*Work required:* Only the lines below between the one holding "Gaylord Resort |" and the one holding "Hàng triệu CĐV", inclusive, are to be reproduced word for word; the pictures are to be left out.

[Recorded information Boundary: Start]

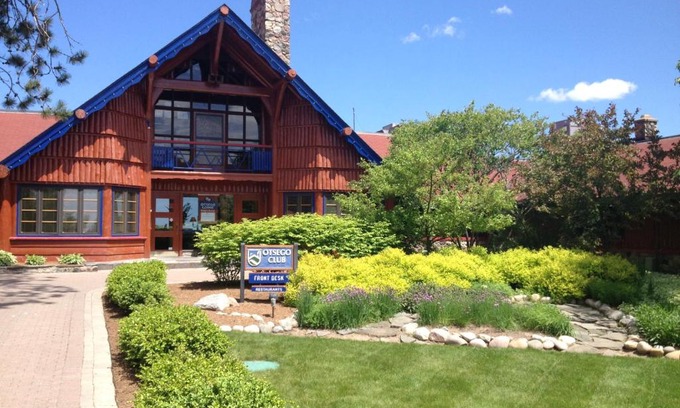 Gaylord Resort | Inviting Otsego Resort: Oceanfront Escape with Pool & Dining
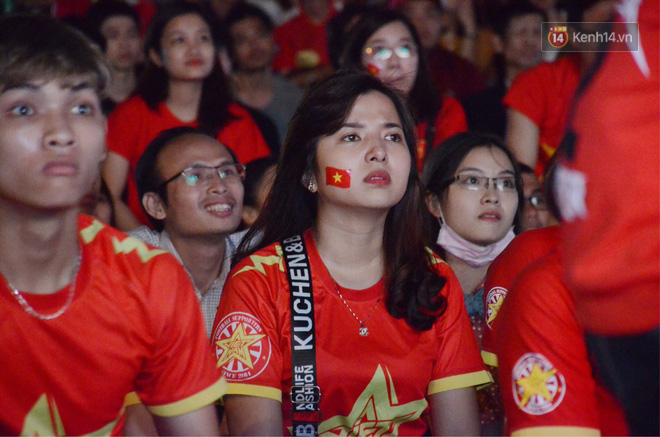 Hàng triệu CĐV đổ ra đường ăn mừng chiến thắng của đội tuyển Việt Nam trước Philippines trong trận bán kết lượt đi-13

[Recorded information Boundary: End]
[Recorded information Boundary: Start]

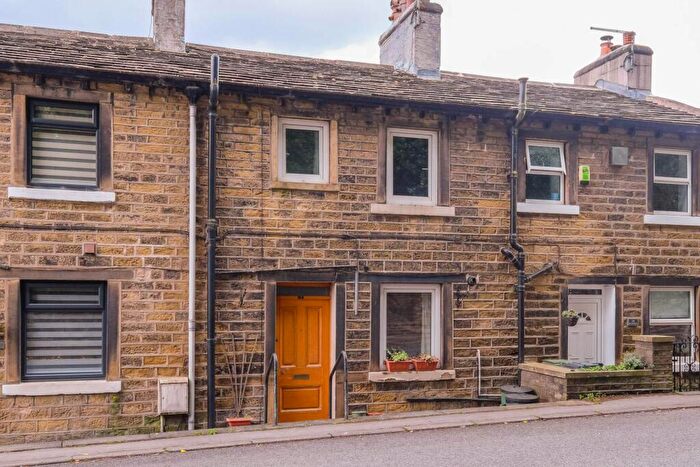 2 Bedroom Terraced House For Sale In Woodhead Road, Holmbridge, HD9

[Recorded information Boundary: End]

*Answer box:*
 Gaylord Resort | Inviting Otsego Resort: Oceanfront Escape with Pool & Dining
 Hàng triệu CĐV đổ ra đường ăn mừng chiến thắng của đội tuyển Việt Nam trước Philippines trong trận bán kết lượt đi-13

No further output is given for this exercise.